In the wake of World Series Game 1, I came across a comment thread in a Facebook discussion group that neatly summed up the pitfalls of every fan’s favorite postseason pastime: first- or second-guessing the manager. It started when someone posted a tweet by an ESPN researcher, who noted that Dodgers right-handed reliever Pedro Báez, whom manager Dave Roberts removed in the seventh inning of Game 1 with left-handed-hitting Red Sox third baseman Rafael Devers due up, had not allowed a hit in 31 at-bats against a lefty since July 26. Most of the replies to that tweet—and the person who posted it on Facebook—interpreted the stat as a scathing indictment of Roberts, who clearly had been too beholden to handedness to realize the fact right in front of his face: Báez, who had struck out the first two batters he’d pitched to (including lefty pinch-hitter Mitch Moreland), was a lefty killer all along. So in came southpaw pitcher Alex Wood, and out went a three-run homer by right-handed pinch-hitter Eduardo Núñez, a dagger to the Dodgers in what was until then a one-run game.
“Given the game situation, the ‘eye test,’ and readily available information, the move made no sense at all,” the first commenter said. “Just over-managing based on old, crappy baseball traditions.”
Except, well, wait a second. The second commenter didn’t see it that way. However hitless they are, he argued, 31 at-bats constitutes a small sample. Dig a little deeper, and Báez’s vulnerabilities become clear. Yes, he has flashier superficial stats against lefties, both in 2018 and throughout his five-year career, but the peripherals don’t lie. This season, Báez’s strikeout-minus-walk rates against hitters of each handedness told dramatically different stories: The reliever ranked in the 90th percentile among pitchers with as many righties faced and the sixth percentile among pitchers with as many lefties faced. Clearly Roberts was wisely looking past a bit of BABIP luck and relying on more meaningful and predictive data. “I don’t think this was an indefensible decision at all,” the second commenter said. “I think it was the right move, that backfired.” The debate continued along lines that would feel familiar to every fan who’s ever debated a team’s tactical decision—which is to say, every fan.

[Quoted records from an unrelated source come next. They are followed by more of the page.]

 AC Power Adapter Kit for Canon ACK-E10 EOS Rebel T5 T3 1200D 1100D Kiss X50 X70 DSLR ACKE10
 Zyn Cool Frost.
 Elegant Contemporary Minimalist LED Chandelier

Standard sabermetric thinking would support the second commenter more than the first. But even the standard sabermetric thinking about batter-pitcher matchups is increasingly lagging behind the internal intelligence of the stat-savviest teams—many of which, not by complete coincidence, have played in this postseason. October is the time of year when every moment matters and every spectator questions why managers make or don’t make moves. But it’s also the period when the gap between public and private knowledge about how hitters and pitchers perform grows significantly. And even during the regular season, that gap may be bigger than most first- or second-guessers realize.
Over the past few days, I’ve canvassed consultants and analysts for MLB teams—including some playoff teams—to assess the state of proprietary batter-pitcher projections. Their responses strongly indicate that there are more things in heaven and earth than are dreamt of in public projection systems, let alone a glance at single-season splits or even career rates. That doesn’t mean we can’t scrutinize managerial decisions about which players to sit, start, or substitute, but we should be aware that when we do, we’re working with a lot less information and motivation than the people pulling the strings.

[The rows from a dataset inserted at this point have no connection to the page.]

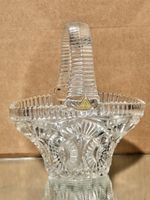 Vintage OBERGLAS Austria Crystal Basket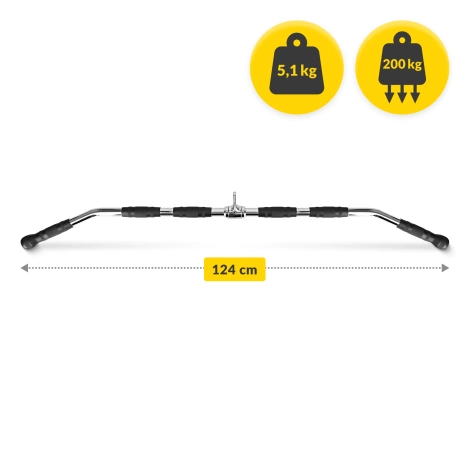 Dlouhá tyč na kladku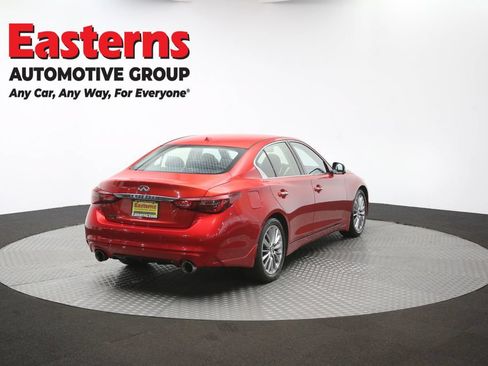 Used 2023 INFINITI Q50 Luxe w/ Cargo Package AWD/4WD image 43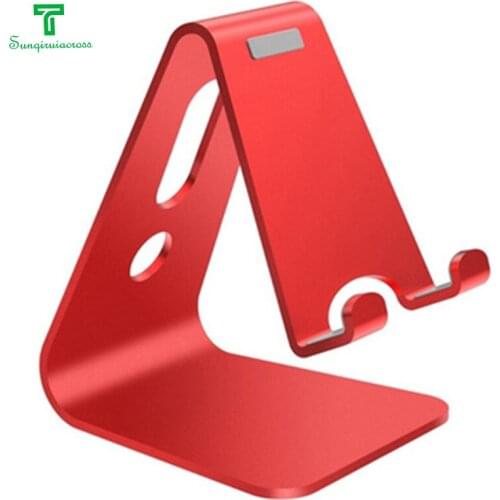 Desk Mobile Phone Holder Stand Universal Metal Desktop Table Tablet iPad Pro Cradle Mount Soporte Para Telephone Telefones Car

There really was a time in the not-too-distant past when major league managers routinely made dumb decisions. Fifteen years ago, Hall of Fame manager Joe Torre repeatedly benched players like Robin Ventura and Aaron Boone in favor of utility man Enrique Wilson—one of the worst hitters in baseball over the course of his career—when the Yankees were facing Pedro Martínez, against whom Wilson had experienced some small-sample success. Against Pedro, Torre said, “I just go with recent history.” Everyone thought it was weird that the weak-hitting Wilson had been good against Pedro, but few fans or writers blamed Torre for riding the hot hand.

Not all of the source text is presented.